MERGULHO NA IDADE MÉDIA

Escrito por 

 

PEDAGOGIA

De há uns anos a esta parte, tornou-se moda, em Portugal, mergulhar na Idade Média em diversas localidades do país com a realização das já famigeradas  "Feiras Medievais", atempadamente divulgadas, quer através de cartazes e rádios locais,  quer através de órgãos de comunicação social de mais ampla difusão. 

Há muitos anos, estava tal moda somente no seu estado embrionário, corri à cidade de Viseu, ao Largo da Sé, onde tinha lugar um desses eventos.

Passei-me por ali com muito gosto, apesar de fazer isso mais numa postura de aprendizagem do que numa postura de entretenimento, ainda que, em simultâneo, pudesse fazer, como fiz, as duas coisas.

 Professor de História, diplomado pela Faculdade de Letras da Universidade Clássica de Lisboa, mesmo que a matéria da Idade Média me tivesse sido administrada, na Universidade de Lourenço Marques, pelo saudoso (e sempre lembrado) PROFESSOR HUMBERTO BAQUERO MORENO (hoje falecido),  mergulhei naquele mar de gente, de produtos, de gostos, de animais e de técnicas com o cuidado de descortinar até que ponto se fundiam ali o TEMPO e o ESPAÇO, até que ponto o PRESENTE paria ali o PASSADO, até que ponto se conciliavam ali, com o rigor possível, a matéria investigada, compendiada, «estudada», «vista» e, até, vejam só,  «vivida».

Não fiquei agradado.
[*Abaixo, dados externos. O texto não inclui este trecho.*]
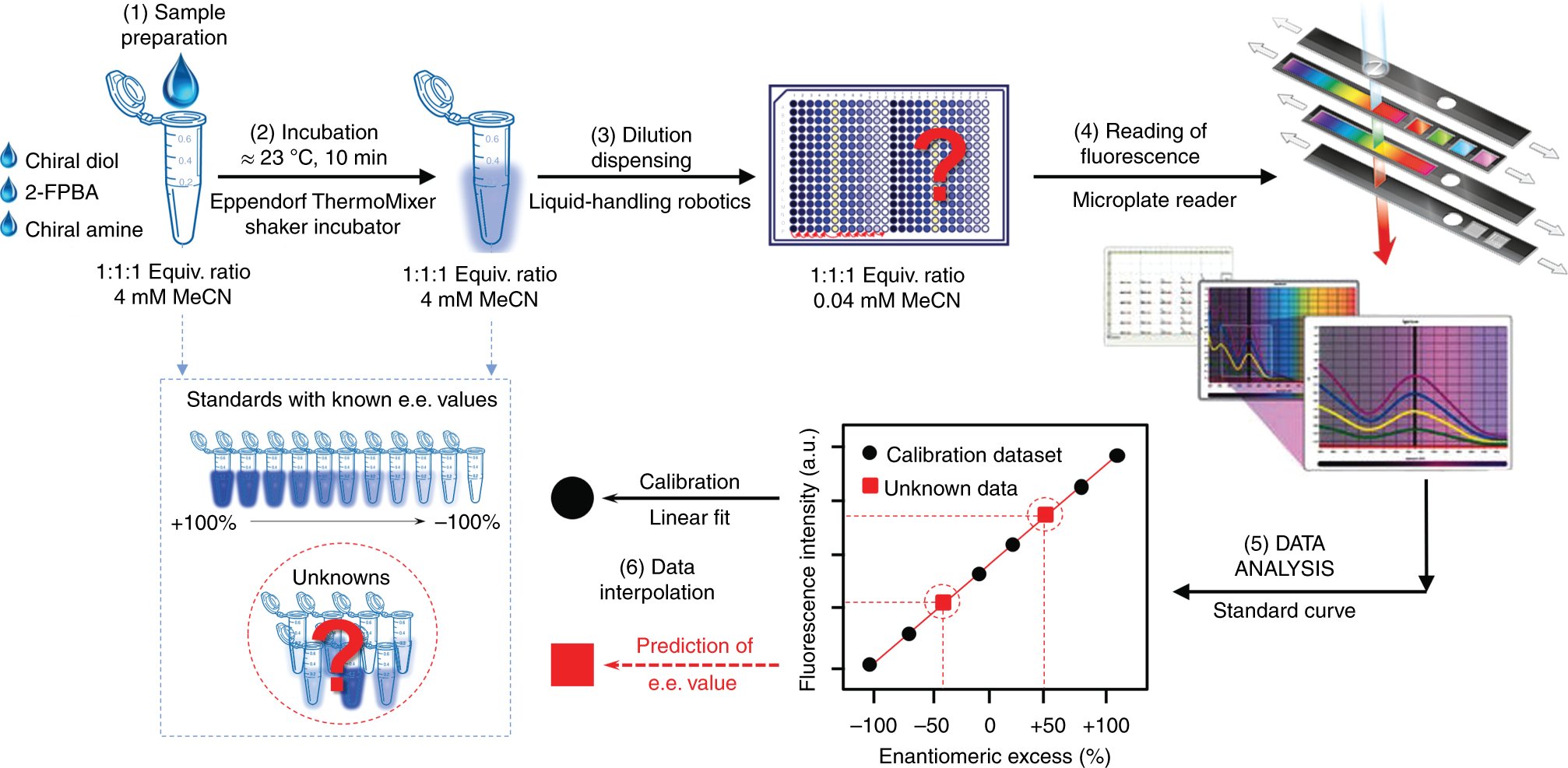 NatureProtocols's tweet card. Nature Protocols - Optimizing the synthesis of chiral compounds involves determining the enantiomerical excess (e.e.) of the products. This protocol describes a high-throughput fluorescence-based...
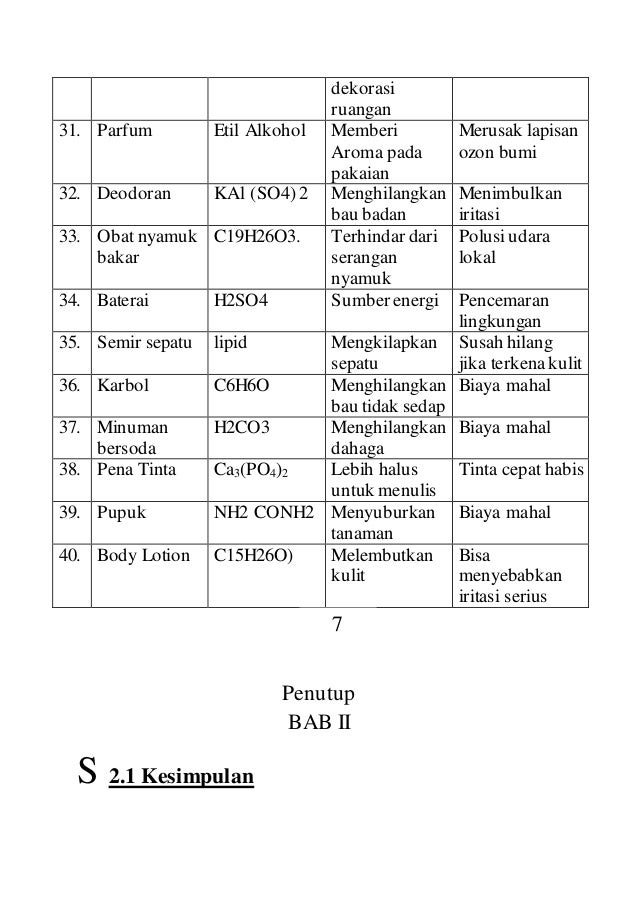 Makalah Kimia Mengenal Produk Kimia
Não colei ao evento e abandonei o recinto convicto de que não era esse o caminho para ensinar e aprender HISTÓRIA, esta disciplina que tanta falta faz na estruturação do pensamento e à elucidação do caracter evolutivo do ser humano, dos engenhos saídos da sua inteligência e imaginação na luta pela sobrevivência, no eterno combate e convívio com a mãe natureza.

Mas a moda pegou. Já são muitos os concelhos onde se realizam Feiras Medievais. Os adereços nem sequer são difíceis de arranjar, num país que, a bem dizer, manteve até «ontem» as características desse tempo cronologicamente distante, mas realmente estendido até à vida dos meus avós, dos meus pais e de mim próprio.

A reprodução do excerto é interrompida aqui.